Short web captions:
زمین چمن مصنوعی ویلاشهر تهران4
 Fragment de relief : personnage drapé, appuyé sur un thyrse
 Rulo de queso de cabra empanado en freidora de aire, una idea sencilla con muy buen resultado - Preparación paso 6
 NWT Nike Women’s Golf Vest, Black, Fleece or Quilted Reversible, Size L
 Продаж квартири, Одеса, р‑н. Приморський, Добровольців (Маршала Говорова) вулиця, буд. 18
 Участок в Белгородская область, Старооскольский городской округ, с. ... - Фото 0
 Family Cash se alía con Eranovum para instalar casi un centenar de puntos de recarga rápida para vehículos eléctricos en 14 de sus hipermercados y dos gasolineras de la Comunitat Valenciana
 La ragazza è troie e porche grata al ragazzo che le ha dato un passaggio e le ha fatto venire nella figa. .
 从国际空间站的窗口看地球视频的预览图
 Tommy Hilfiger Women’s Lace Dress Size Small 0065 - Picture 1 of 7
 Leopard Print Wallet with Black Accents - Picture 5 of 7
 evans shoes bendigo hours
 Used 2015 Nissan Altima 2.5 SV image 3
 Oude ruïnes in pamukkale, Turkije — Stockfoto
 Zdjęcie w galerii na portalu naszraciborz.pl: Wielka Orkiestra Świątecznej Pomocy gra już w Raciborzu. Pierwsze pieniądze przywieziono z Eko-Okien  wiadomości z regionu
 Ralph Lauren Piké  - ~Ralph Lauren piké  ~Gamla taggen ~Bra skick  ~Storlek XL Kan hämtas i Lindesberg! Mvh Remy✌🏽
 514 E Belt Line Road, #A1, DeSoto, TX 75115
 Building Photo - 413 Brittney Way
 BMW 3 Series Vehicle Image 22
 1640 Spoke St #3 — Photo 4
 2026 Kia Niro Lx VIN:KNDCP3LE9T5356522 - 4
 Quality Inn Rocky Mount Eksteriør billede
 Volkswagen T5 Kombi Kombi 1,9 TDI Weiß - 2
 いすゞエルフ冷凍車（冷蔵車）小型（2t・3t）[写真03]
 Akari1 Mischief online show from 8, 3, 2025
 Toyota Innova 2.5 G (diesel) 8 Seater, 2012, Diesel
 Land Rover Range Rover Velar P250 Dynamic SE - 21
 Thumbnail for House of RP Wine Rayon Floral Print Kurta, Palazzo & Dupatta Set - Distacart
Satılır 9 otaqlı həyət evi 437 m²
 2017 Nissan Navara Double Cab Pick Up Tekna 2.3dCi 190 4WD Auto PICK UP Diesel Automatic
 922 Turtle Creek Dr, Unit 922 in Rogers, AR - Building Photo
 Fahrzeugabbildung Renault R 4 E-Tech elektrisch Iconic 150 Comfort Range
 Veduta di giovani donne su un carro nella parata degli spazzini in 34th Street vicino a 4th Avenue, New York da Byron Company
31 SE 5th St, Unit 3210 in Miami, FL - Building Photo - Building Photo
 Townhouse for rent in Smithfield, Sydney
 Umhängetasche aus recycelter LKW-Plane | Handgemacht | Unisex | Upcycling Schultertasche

Work required
An exact copy of the lines from the one containing "Quality Inn Rocky Mount Eksteriør billede" through the end of the entries is required, and nothing beyond them.

Response to this task
 Quality Inn Rocky Mount Eksteriør billede
 Volkswagen T5 Kombi Kombi 1,9 TDI Weiß - 2
 いすゞエルフ冷凍車（冷蔵車）小型（2t・3t）[写真03]
 Akari1 Mischief online show from 8, 3, 2025
 Toyota Innova 2.5 G (diesel) 8 Seater, 2012, Diesel
 Land Rover Range Rover Velar P250 Dynamic SE - 21
 Thumbnail for House of RP Wine Rayon Floral Print Kurta, Palazzo & Dupatta Set - Distacart
Satılır 9 otaqlı həyət evi 437 m²
 2017 Nissan Navara Double Cab Pick Up Tekna 2.3dCi 190 4WD Auto PICK UP Diesel Automatic
 922 Turtle Creek Dr, Unit 922 in Rogers, AR - Building Photo
 Fahrzeugabbildung Renault R 4 E-Tech elektrisch Iconic 150 Comfort Range
 Veduta di giovani donne su un carro nella parata degli spazzini in 34th Street vicino a 4th Avenue, New York da Byron Company
31 SE 5th St, Unit 3210 in Miami, FL - Building Photo - Building Photo
 Townhouse for rent in Smithfield, Sydney
 Umhängetasche aus recycelter LKW-Plane | Handgemacht | Unisex | Upcycling Schultertasche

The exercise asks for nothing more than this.